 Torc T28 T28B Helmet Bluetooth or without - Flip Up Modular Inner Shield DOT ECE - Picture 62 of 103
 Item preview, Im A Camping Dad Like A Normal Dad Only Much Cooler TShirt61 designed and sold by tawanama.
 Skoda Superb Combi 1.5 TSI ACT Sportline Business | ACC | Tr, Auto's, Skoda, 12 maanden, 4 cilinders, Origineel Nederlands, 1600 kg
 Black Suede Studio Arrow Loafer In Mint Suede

* * *

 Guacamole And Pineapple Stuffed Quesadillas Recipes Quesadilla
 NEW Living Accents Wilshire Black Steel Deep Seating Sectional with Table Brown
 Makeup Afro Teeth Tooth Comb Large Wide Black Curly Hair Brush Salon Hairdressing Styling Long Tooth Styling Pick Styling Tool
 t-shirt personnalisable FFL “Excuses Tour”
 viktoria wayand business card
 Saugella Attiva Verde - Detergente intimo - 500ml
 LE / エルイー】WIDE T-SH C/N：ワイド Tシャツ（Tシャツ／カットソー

INSTRUCTIONS TO FOLLOW.
Give only a number: how many lines of the data hold the string "Black"?

FINISHED TASK.
3